De Stadsschouwburg kondigt de avond als volgt aan op haar website: De laatste jaren worden steeds meer rechtszaken niet alleen in de rechtszaal beslecht, maar ook via kranten en televisie. Sommige advocaten zijn niet van de buis weg te slaan. Ook officieren van justitie en rechters geven publiekelijk tekst en uitleg. Leidt dat tot meer transparantie en betrokkenheid, of is er sprake van popularisering en gaan we de Amerikaanse kant op met onze rechtspraak?

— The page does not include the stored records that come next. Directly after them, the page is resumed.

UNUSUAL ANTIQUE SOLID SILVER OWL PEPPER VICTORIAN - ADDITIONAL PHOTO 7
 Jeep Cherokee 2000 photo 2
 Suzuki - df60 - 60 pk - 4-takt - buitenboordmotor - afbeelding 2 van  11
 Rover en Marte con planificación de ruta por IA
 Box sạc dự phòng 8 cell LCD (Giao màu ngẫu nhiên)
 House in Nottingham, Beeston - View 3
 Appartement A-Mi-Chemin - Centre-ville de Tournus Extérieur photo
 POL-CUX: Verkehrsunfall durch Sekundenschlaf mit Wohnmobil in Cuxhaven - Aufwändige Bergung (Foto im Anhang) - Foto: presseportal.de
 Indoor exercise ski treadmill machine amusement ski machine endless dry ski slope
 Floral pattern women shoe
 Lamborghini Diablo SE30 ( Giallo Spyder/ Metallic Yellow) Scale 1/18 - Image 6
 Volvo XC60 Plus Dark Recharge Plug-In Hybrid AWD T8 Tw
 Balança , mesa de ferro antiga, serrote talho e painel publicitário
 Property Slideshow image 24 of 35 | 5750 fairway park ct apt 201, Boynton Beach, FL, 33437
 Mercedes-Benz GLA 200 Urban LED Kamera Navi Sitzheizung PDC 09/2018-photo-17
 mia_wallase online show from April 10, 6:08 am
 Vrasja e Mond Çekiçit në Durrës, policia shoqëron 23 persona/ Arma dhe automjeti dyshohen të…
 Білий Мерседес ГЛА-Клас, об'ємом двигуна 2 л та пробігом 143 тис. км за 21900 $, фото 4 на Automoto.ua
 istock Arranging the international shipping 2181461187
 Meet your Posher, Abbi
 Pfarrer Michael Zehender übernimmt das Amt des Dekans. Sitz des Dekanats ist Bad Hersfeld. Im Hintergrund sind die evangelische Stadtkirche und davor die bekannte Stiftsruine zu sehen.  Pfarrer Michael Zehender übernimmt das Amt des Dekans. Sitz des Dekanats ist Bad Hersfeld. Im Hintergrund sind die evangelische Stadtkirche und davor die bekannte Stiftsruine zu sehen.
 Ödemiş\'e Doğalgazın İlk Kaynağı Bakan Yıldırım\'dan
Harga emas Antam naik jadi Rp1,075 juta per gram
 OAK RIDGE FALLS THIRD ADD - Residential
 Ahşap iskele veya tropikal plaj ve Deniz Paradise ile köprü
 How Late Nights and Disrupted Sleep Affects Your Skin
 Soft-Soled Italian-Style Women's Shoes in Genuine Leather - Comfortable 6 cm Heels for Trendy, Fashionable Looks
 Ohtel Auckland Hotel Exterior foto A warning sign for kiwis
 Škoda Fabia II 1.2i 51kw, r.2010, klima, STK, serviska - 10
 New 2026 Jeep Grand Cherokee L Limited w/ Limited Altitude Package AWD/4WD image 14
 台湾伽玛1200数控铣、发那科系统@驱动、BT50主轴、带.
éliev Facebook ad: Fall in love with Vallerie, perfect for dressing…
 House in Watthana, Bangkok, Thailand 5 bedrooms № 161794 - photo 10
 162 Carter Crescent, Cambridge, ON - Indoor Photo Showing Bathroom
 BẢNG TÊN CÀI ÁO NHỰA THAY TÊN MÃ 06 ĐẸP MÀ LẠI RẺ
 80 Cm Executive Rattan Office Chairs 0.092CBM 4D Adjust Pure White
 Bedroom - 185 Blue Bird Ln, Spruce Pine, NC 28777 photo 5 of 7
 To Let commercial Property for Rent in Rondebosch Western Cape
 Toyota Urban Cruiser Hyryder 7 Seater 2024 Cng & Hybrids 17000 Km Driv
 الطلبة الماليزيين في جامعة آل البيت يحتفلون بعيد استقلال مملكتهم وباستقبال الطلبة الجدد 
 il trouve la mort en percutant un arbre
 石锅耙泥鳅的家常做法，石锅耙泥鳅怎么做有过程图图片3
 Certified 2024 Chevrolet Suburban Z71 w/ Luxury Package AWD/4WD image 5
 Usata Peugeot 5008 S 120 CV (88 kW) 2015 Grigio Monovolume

De directeur van de Schouwburg van Amsterdam, Melle Damen, opent de avond met de vraag in hoeverre ‘het volk’ invloed heeft op het instituut rechtspraak, of met andere woorden: hoe beschaafd is ons rechtssysteem? “Wij noemen het democratisch, we leven immers in een democratie en de rechtspraak is deel van deze rechtstaat. De bevolking wordt vertegenwoordigd in dit rechtssysteem door het Openbaar Ministerie (OM) in de persoon van de Officier van Justitie, die de rol advocaat van het volk heeft – ‘The People’ zoals dat in het Amerikaanse rechtssysteem wordt genoemd. Het volk, de burger zelf, is echter niet aanwezig. Komt het volk eigenlijk wel tot zijn recht in dit rechtssysteem?”
Dat lijkt met de aanzwellende kritiek op de rechtspraak een steeds relevantere vraag. Damen: “Individuele emoties worden via het platform van de media al snel collectieve emoties. Instituten liggen onder vuur van het volk. Op welke wijze reageert de rechtspraak op deze emoties? Hoe kwetsbaar zijn deze instituties voor actie van het volk? De rechter wordt gevraagd een gewoon mens te zijn. Hoe legitimeert de Rechtspraak zich tegenover het volk? De samenleving komt steeds dichterbij de rechtspraak. Wat is de geijkte weg voor het instituut van rechtspraak en de magistratuur? Daarbij zijn volgens Damen drie begrippen van belang: Distantie, Distinctie en Discretie.
“De rechtspraak is niet het bezit van iets of iemand, en zeker niet van het volk.”
Daarna neemt prof. dr. Paul Frissen het woord om te stellen: “Het volk bestaat niet. De rechtspraak is niet het bezit van iets of iemand en zeker niet van het volk.” Volgens hem sluiten democratie en recht het volk per definitie uit. “De politiek van de democratische rechtstaat is een symbolische orde. Wij zouden die moeten zien als een “tragedie” in de Griekse traditie. De Rechtspraak als onderdeel van deze orde heeft het monopolie deze orde te handhaven als de waarheid geen oplossing biedt. Daarnaast heeft het Recht ook de taak hinderlijk te zijn voor de normerende Staat met het doel de burger te beschermen tegen de Staat. Tenslotte heeft de burger haar soevereiniteit overgedragen aan die Staat in ruil voor bescherming tegen onderlinge verschillen.” Treedt het openbaar ministerie dan namens de staat op voor het volk? is de vraag die bij ondergetekende opspeelt. We zullen zien in de loop van de avond.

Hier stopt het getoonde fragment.